An elegant introduction to one of America's most complex and influential writers.
From his childhood in a family of leading American intellectuals through his mature life as a major American man of letters, Henry James (1843-1916) created a unique body of fiction that represents one of the greatest achievements in the nation's literary history. James's transnational life in the US and England and his extraordinary siblings (the philosopher William James and diarist Alice James) made his life as complicated as the fictions he produced. In this elegant introduction to the work of Henry James, Susan L. Mizruchi places the notoriously difficult and obscure writings in their historical and biographical context.
As James grew in confidence as a writer,
his fictions evolved accordingly. These complex accounts of human experience engage with the vital issues of both James's era and our own.
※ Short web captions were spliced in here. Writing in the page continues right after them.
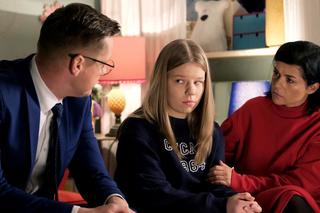 M jak miłość odc. 1730. Lenka (Olga Cybińska), Kinga (Katarzyna Cichopek), Piotrek (Marcin Mroczek)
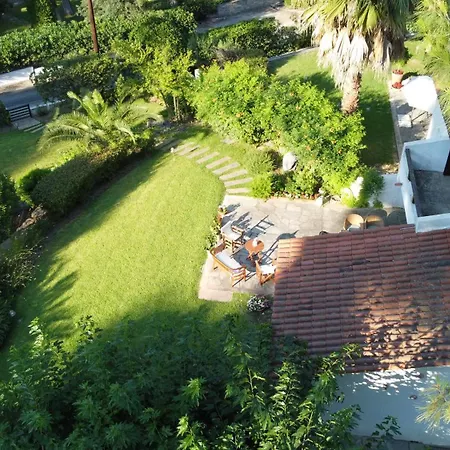 Sani Stavronikita Exclusive Pool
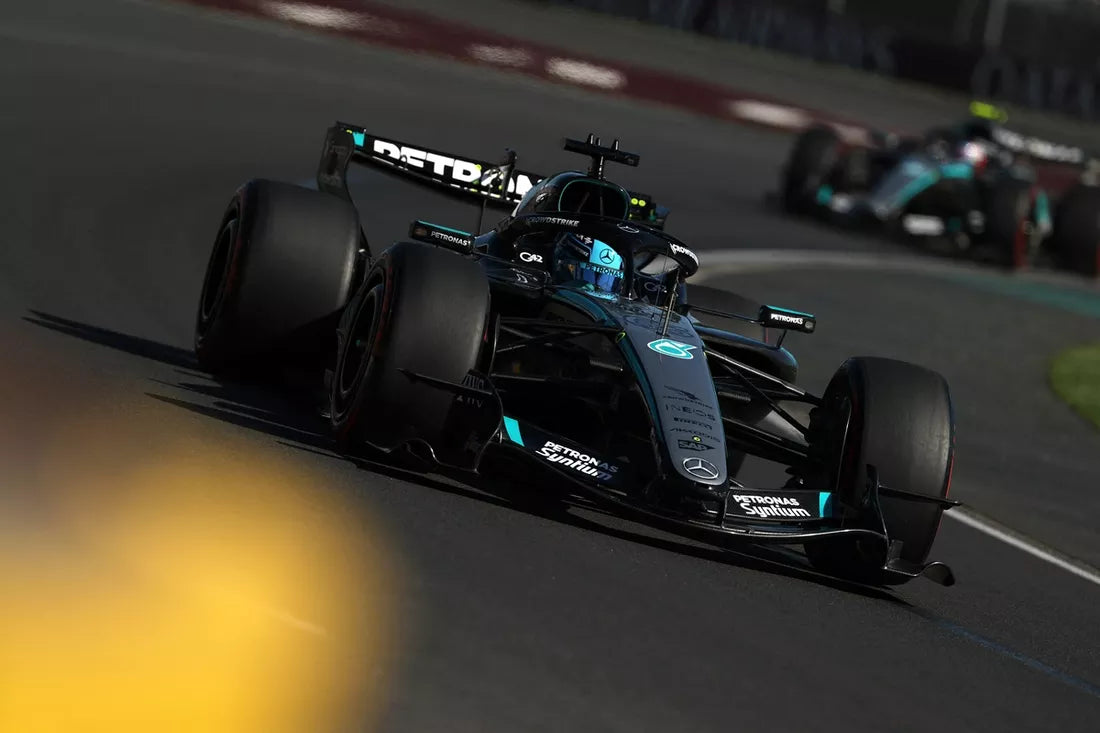Mercedes z nowym malowaniem na GP Bahrajnu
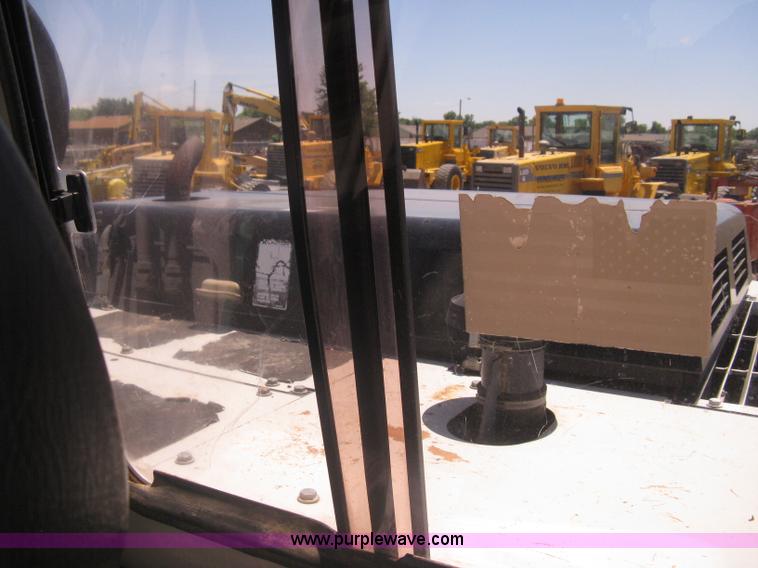 image for item A6410 2000 Link-Belt  3400 Quantum excavator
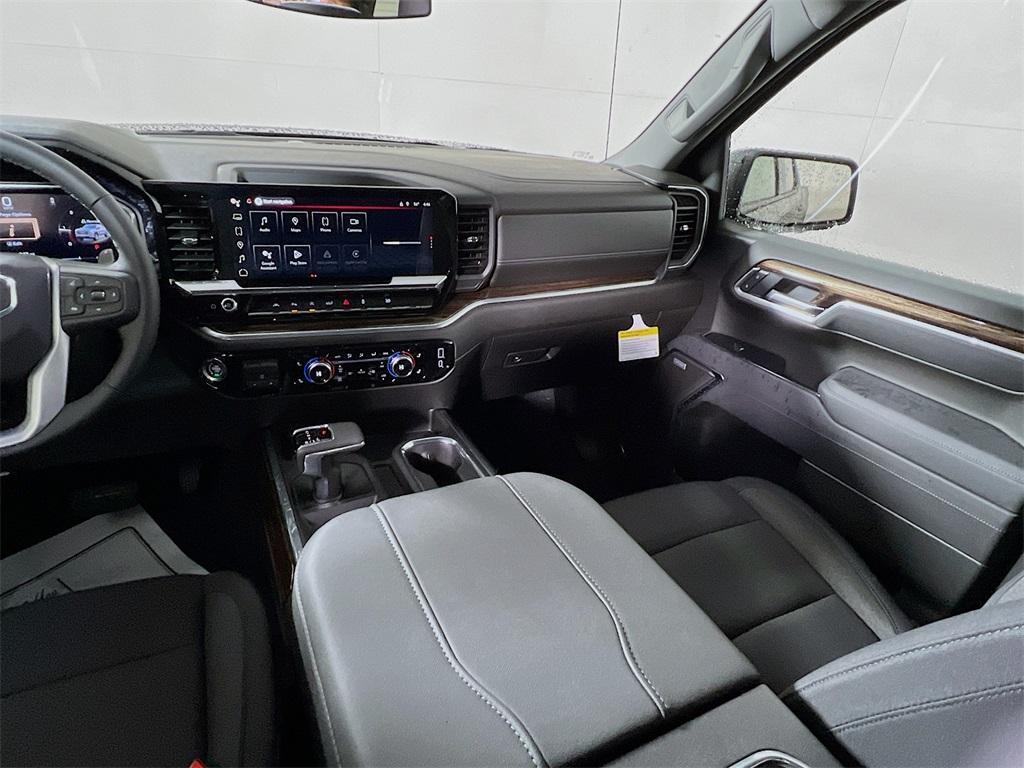 new 2026 GMC Sierra 1500 car, priced at $60,215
Among the works treated in this introduction are Washington Square, The Europeans, Daisy Miller, The Portrait of a Lady, The Golden Bowl, and The Turn of the Screw. Through his novels, as well as his journalistic and critical endeavors, James explores themes related to gender relations, human sexuality, the nature of modernity, the threat of relativism, the rise of mass culture, and the role of art.
Since their creation, James's writings have been a consistent subject of both literary theory and popular culture, receiving a diverse array of theoretical treatments, from formalism, deconstruction, phenomenology, and pragmatism to Marxism, new
historicism, and gender and queer theory. James's novels have been adapted into numerous films by directors including William Wyler, Peter Bogdanovich, Michael Winner, Merchant/Ivory, and Jane Campion. The impact of Henry James cannot be overstated.